Rezension

Ausflug nach Lissabon

Neun Tage in Lissabon - Hervé Le Tellier

Neun Tage in Lissabon
von Hervé Le Tellier

Lissabon, eine meiner Lieblingshauptstädte Europas, in die ich immer wieder gerne reise und immer wieder Neues entdecke. Dieser Roman sollte mich dorthin entführen, wenn ich daheim bleiben muss und hat es leider nur teilweise geschafft.

Die Figuren sind fein ausgearbeitet, aber nicht sehr sympathisch. Vincent und António sind sehr verschieden und verstehen sich mal gut, mal weniger gut. Der Roman wird aber hauptsächlich aus Vincents Sicht erzählt, womit er auch im Fokus steht. Seine Art rief einmal Mitgefühl, mal Mitleid, mal Kopfschütteln und mal Verwirrtheit bei mir hervor. Irgendwie hat er wirklich kein Talent für das Leben. Schade finde ich, das sein Charakter dann etwas einseitig beschrieben wird, denn er hat sicherlich auch gute Seiten. Das Gleiche gilt für António, der mal sehr tiefgehend charakterisiert wird, dann aber als Nebenfigur etwas zweidimensional bleibt.
 
Die Gespräche oder Gedankengänge sind sehr klug oder wirken zumindest so.

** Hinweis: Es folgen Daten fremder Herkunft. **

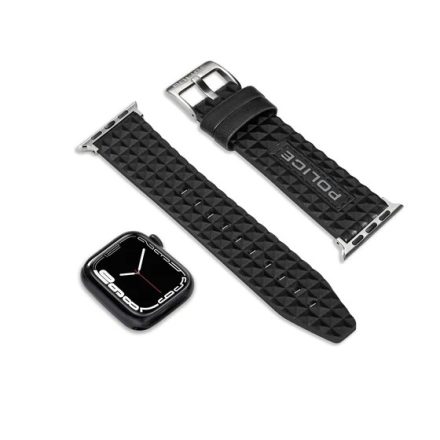 Police Pyramid fekete bőr Apple Watch szíj 20 mm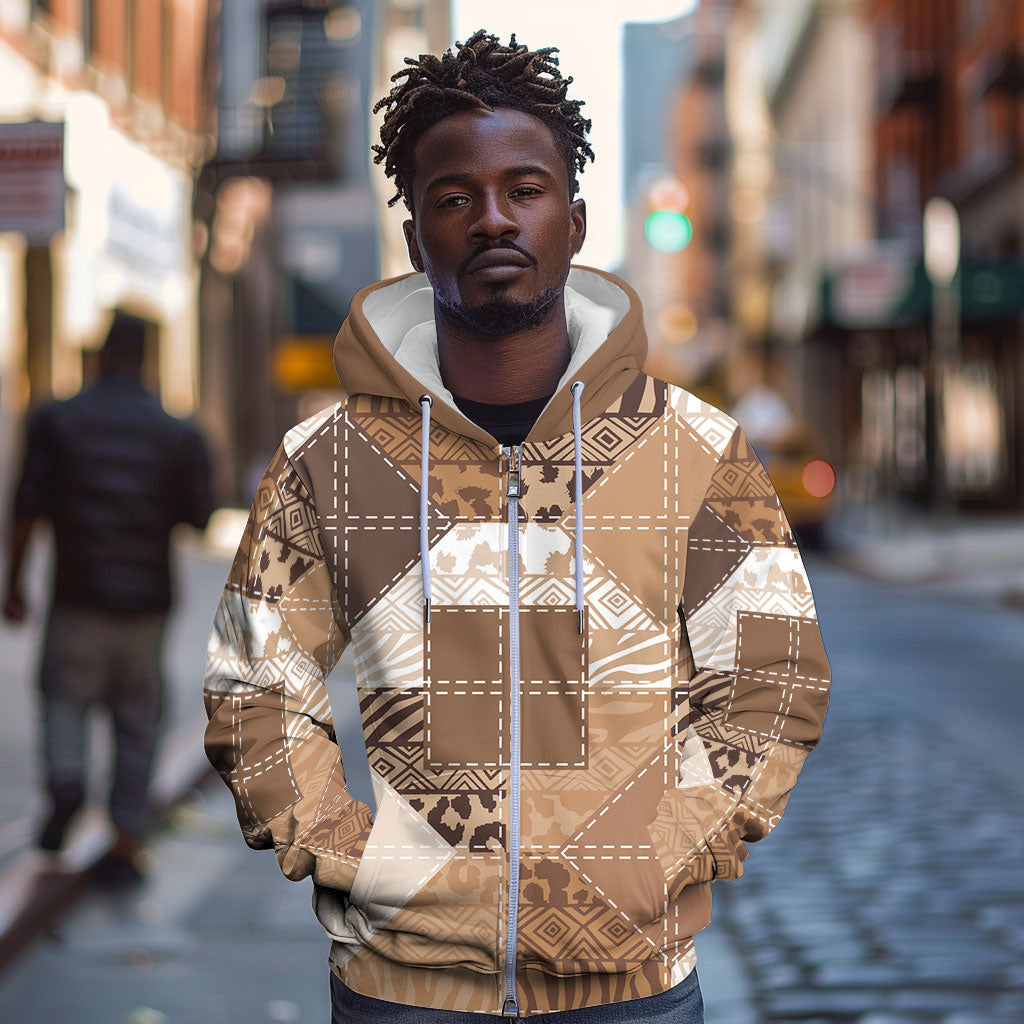 African American Quilt Inspired Zip Hoodie Wild Animal Skin African Beige Tribal Elements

Der Roman ist allgemein um einiges nachdenklicher und ruhiger als ich es erwartete. Der Serienmörder, über den sie berichten sollen, bleibt im Hintergrund und wird lediglich in 1-2 Kapiteln in den Fokus gerückt, da es schliesslich der Grund für den Aufenthalt von Vincent und António ist.
 
Der Schreibstil liest sich gut und hat eine, finde ich, gute Balance zwischen Beschreibungen und direkter Sprache. Ausserdem sind die Kapitel relativ kurz oder innerhalb der Kapitel die Szenenwechsel mit gut markierten Absätzen untertrennt. Deshalb liest sich das Buch auch gut unterwegs, weil es eben immer wieder Stellen gibt, an denen man gut unterbrechen kann.
Dennoch würde ich empfehlen, den Roman möglichst an einem Stück zu lesen, weil dann der rote Faden der Geschichte viel angenehmer und logischer ist.
 
Lissabon als "Bühne" der Erzählung ist sehr gelungen. Der Leser erhält genaue Informationen über Plätze, Strassen und Kleinigkeiten im Alltag. So hat der Autor seinen Blick für Details bewiesen, was mich sehr erfreute, da ich einige Schauplätze, an denen ich schon war, sehr gut in Erinnerung hatte. Wer sich allerdings Informationen über Sehenswürdigkeiten erhofft, findet mit diesem Roman keinen Reiseführer, obwohl einige sehr sehenswerte Orte und Gebäude genannt werden.
 
Was mich etwas irritierte war die Zeit. Die Geschichte spielt in 1985, was manchmal betont wird (z.B. mit Autos der damaligen Zeit oder explizit mit der Jahreszahl), andererseits aber in gewissen Szenen wohl vergessen wurde (denn ich bezweifle, dass Vincent 1985 in einem Strassencafé einfach sein MacBook auf dem Tisch für Notizen auspackt). Der grösste Aufreger für mich persönlich war jedoch der Fluss! So heisst der Fluss, der aus Spanien kommt und in Portugal bei Lissabon ins Meer mündet: Tejo. Was mich grausam ärgerte, jedes mal wenn ich darüber gelesen habe. Der Autor (bzw. Übersetzer) entschied sich jedoch für den spanischen Namen des Flusses und schrieb jeweils Tajo. Was ich anfänglich für einen bösen Patzer hielt, habe ich nach kurzer Internetrecherche akzeptiert. Da der Roman jedoch in Portugal / Lissabon spielt, verstehe ich die Wahl des spanischen Namens dennoch nicht.
 
Alles in Allem ein schöner Roman, der zwar meine Erwartungen nicht ganz erfüllte, aber auch nicht als Schlecht zu bezeichnen ist.